The residential construction industry in Australia is set for a modest recovery on the back of interest rate cuts, home buyer incentives in some states and policy reform in New South Wales, an industry association says.
In the spring edition of its National Outlook, Australia’s most comprehensive housing report card, the Housing Industry Association says it expects the number of housing starts throughout the nation to rise by 1.8 per cent in 2012/13 and activity in renovations to grow by 1.6 per cent following a 2.7 per cent decline in 2011/12.
“A mild recovery in 2012/13 will be driven by interest rate cuts (which will provide some impetus), new home incentives in a handful of states, and some focus on policy reform in NSW,” HIA chief economist Harley Dale says.
On a calendar basis, the HIA says the housing starts cycle is set to bottom out in 2012 at 136,809 – a decline of 9.3 per cent, with the HIA warning that an even steeper decline is possible on current evidence.
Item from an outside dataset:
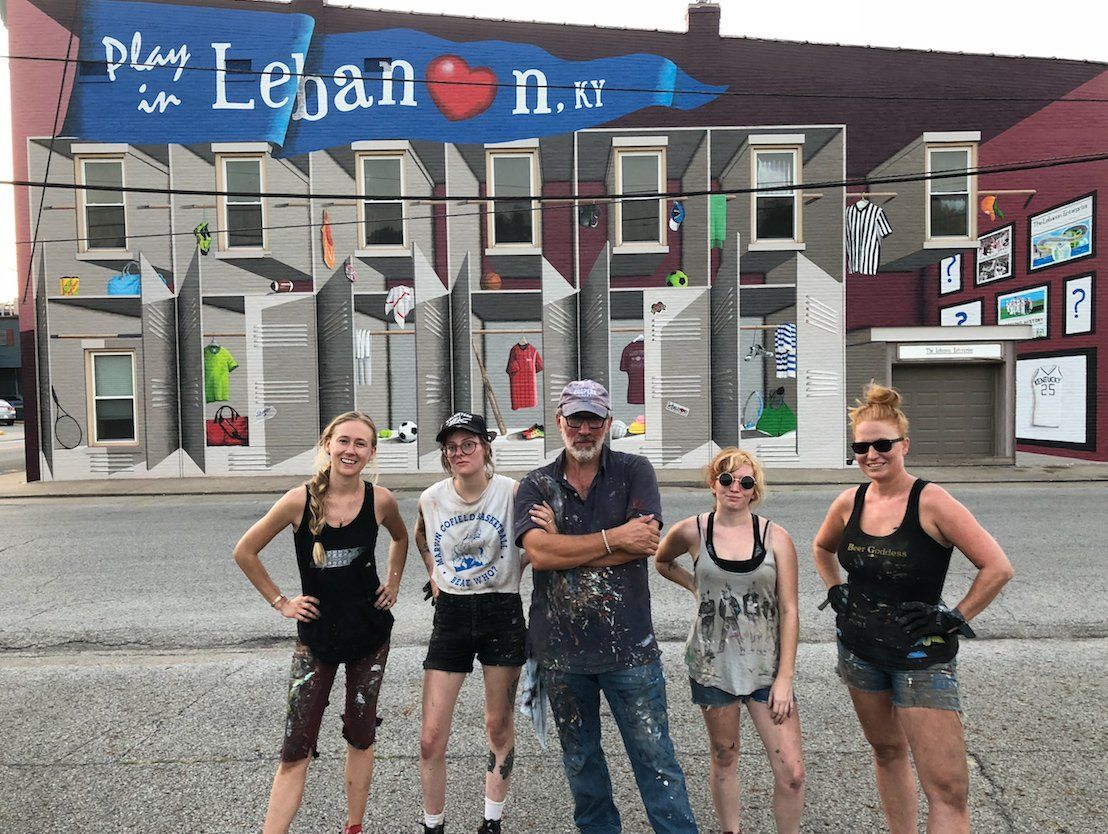 A group of people standing in front of a building with a mural on it.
Starts are expected to increase by 4.5 per cent this year and a further seven per cent in 2014.
Meanwhile, the growth in renovations investment levels in the current financial year will be followed by further growth of 1.2 per cent in 2013/14, taking overall levels of renovations investment to record levels of $29.958 billion.

Still, Dale warns that any recovery will be constrained by a number of factors, including an ongoing process of household deleveraging, a lack of full pass-through of interest rate cuts, tight credit supply and a failure on the part of governments to reduce the ‘excessive taxation’ of new housing.
He says any sustained recovery can only occur if governments act to implement policy reform with regard to taxes and supply side impediments.
“The catalyst for a widespread and sustainable recovery is policy reform to reduce the excessive and inefficient tax bill that renders new housing the second most heavily taxed sector of the Australian economy,” Dale says. “Governments of all levels can’t sit back and presume that lower interest rates alone will reignite new home building activity back to healthy levels, because they won’t.”
The latest forecasts follow a strong rise in vacant residential land sales during the June quarter of this year, an increase which the HIA says is indicative of a likely recovery in housing starts early next year.